### Image-caption web data
+++++
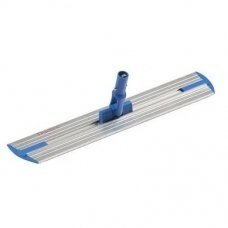 Laikiklis grindų šluostėms DUOTEX HYGIENE, aliuminis, 90 cm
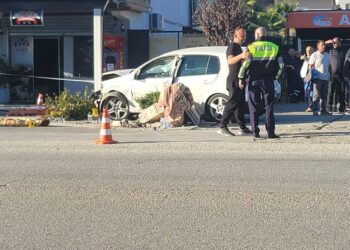 Aksidenti i mori jetën 8-vjeçarit në trotuar, banorët e Pajovës organizojnë protestë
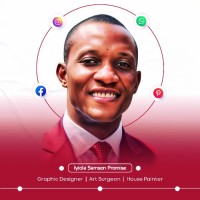 Iyiola Samson Promise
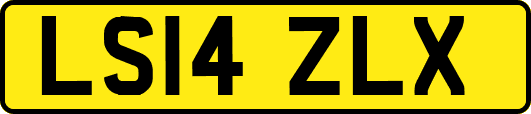 LS14ZLX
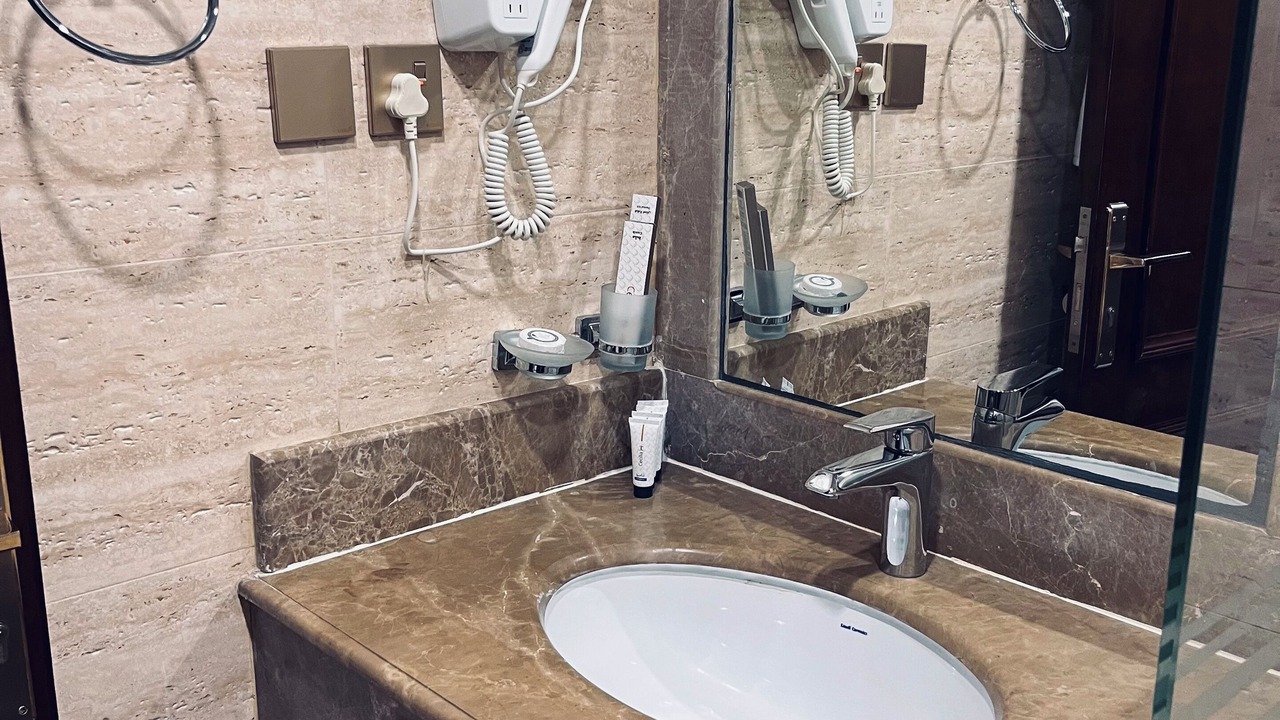 Photo of Bathroom in Al Ulaya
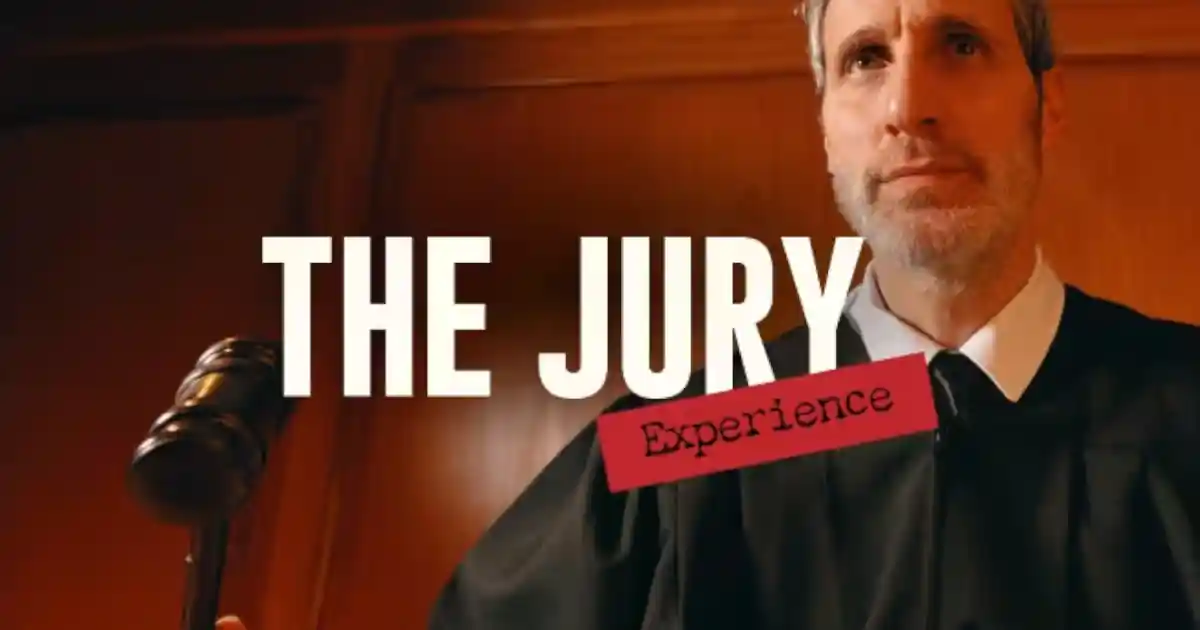 the jury experience entradas malaga
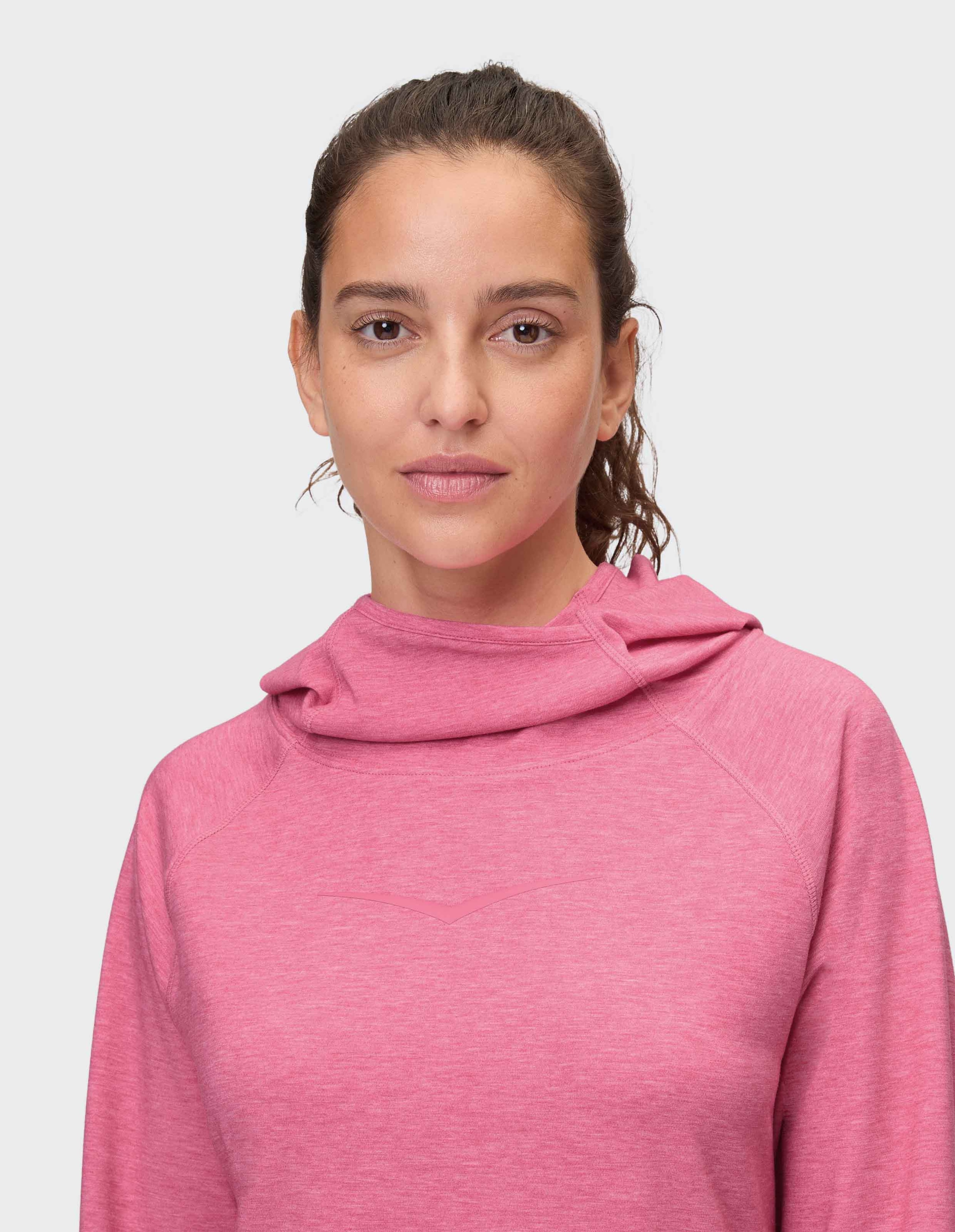Venice Beach Kapuzenshirt »KAPUZENSHIRT MINKA«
+++++
### Problem to work on
Skipping any images, write out all the data exactly.

### Task answer
 Laikiklis grindų šluostėms DUOTEX HYGIENE, aliuminis, 90 cm
 Aksidenti i mori jetën 8-vjeçarit në trotuar, banorët e Pajovës organizojnë protestë
 Iyiola Samson Promise
 LS14ZLX
 Photo of Bathroom in Al Ulaya
 the jury experience entradas malaga
Venice Beach Kapuzenshirt »KAPUZENSHIRT MINKA«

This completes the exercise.